Written by: Liz Bautista
Edited by: Victoria Comstack-Kershaw

Recently, in London’s Shepherd Market, a space underwent transformation. The walls were painted black, not as superficial refurbishment, but as a way of rethinking the site and its story. This was the premise of the recent group exhibition at Gallery Marquess, A Silent Testimony of a Place: The Erasure and Reconstruction of Identity, curated by architect and designer Fahrettin Aykut.

The idea of the ‘black cube’ is not new. There have been many galleries who have dared to move away from the traditional white cube atmosphere, towards something more bold, more cinematic, one would say, even more psychological. A notable example would be Empty Gallery, a 4,500 square feet  space located at Aberdeen Harbour in Hong Kong’s Tin Wan.
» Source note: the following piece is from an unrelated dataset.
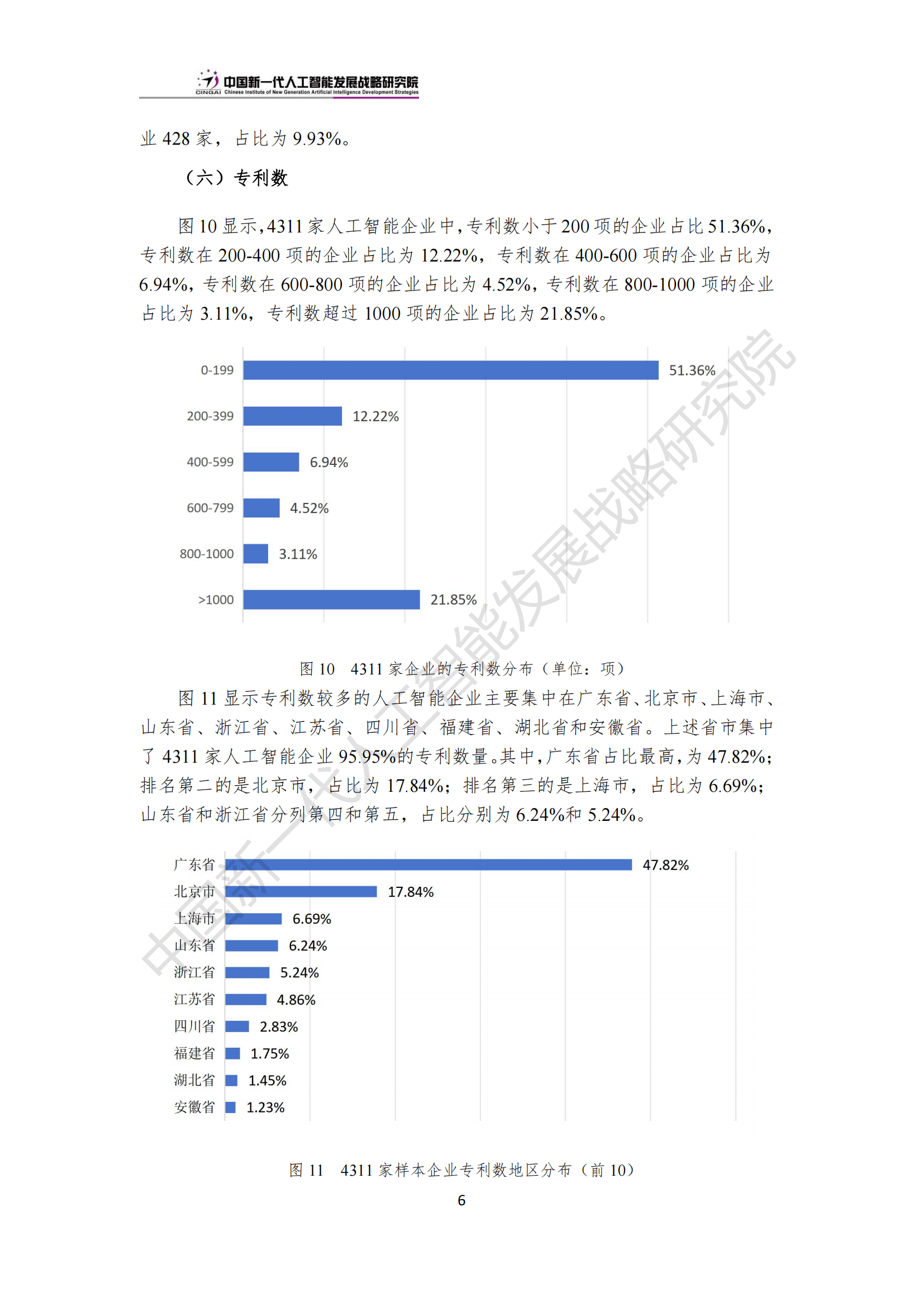 🌸凤凰视频【2024澳门天天开好彩大全】-娱乐连连看：肖战、卢昱晓、王源、孙俪、谢霆锋、鹿晗  第4张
In Brussels, Archiraar Gallery similarly runs a ‘black cube’ counterpart to its more traditional white space.

The “white cube,” now the default setting for many galleries—if not most—was a term coined by Brian O’Doherty in a series of essays for Artforum in 1976. He used it to describe what has since become the standard for contemporary art spaces: plain white walls, controlled lighting, and a minimal aesthetic designed to foreground the artwork. In this environment, distractions are stripped away, allowing not only the work itself but also its narrative to emerge with clarity.
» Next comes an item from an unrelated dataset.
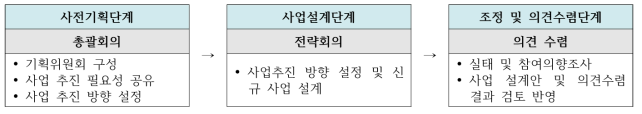 사업 기획 프로세스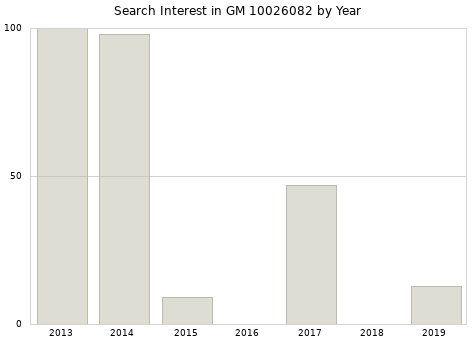 Annual search interest in GM 10026082 part.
In contrast, Aykut noted that as they moved away from the traditional white wall formula, stripping the space of its historical traces and, a kind of resetting happened, “that allowed the viewer to encounter the artworks without attaching them to the past of the location,” – which has, by the way, endured as a discreet Mayfair gallery for more than a decade.

In April, three female artists presented works centred on womanhood. Ishilla Aleksandra’s paintings referenced nineteenth-century female representation, particularly the figure of sex workers in England, offering a deeper reading of women’s histories through thick, luscious strokes. Attuned to the space’s dark and moody atmosphere, Alessia Avellino presented large-scale charcoal works that moved between shipyard scenes in Spain and fragments of New York cityscapes. Ayşe Yenel, meanwhile, expressed memory and identity through poetic, monochrome images.
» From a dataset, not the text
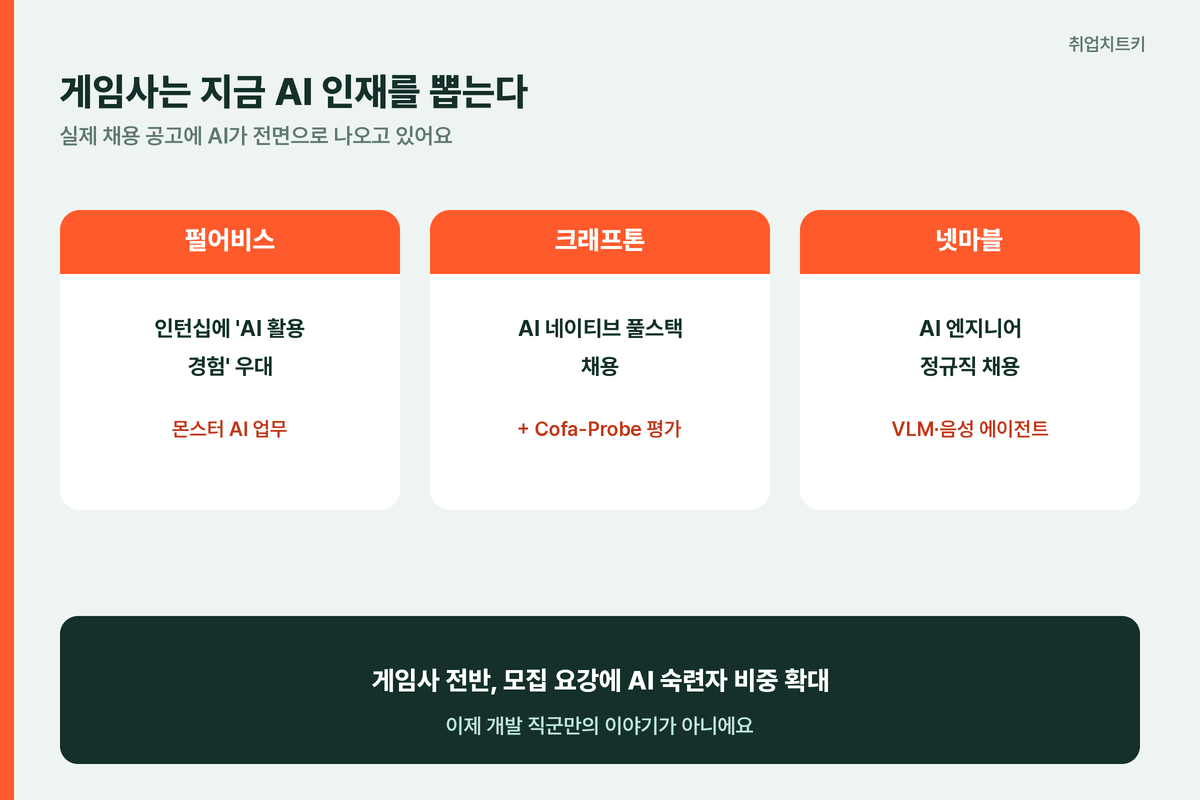 펄어비스 크래프톤 넷마블 AI 채용 현황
Through the works of the three artists, womanhood is read through multiple, distinct states within one space. The strength in Aleksandra’s, the ambition in Avellino’s, and the calm within Yenel’s—all different portraits of women coexisting within a  darkened space. The point was to coexist with the noise—not mute it, but speak with it.

Aykut shares how he selected the artists for the exhibition: “When selecting the female artists in the space, I focused on bringing together three different approaches,” he explained. “I worked with practices that differ both technically and conceptually: a photographic practice, an abstract charcoal-on-paper approach, and a figurative oil painting practice.”

The aim, Aykut added, was to “bring together practices from different cultures and ways of seeing within the same environment, each carrying its own emotional register,” rather than establish a unified style or visual language.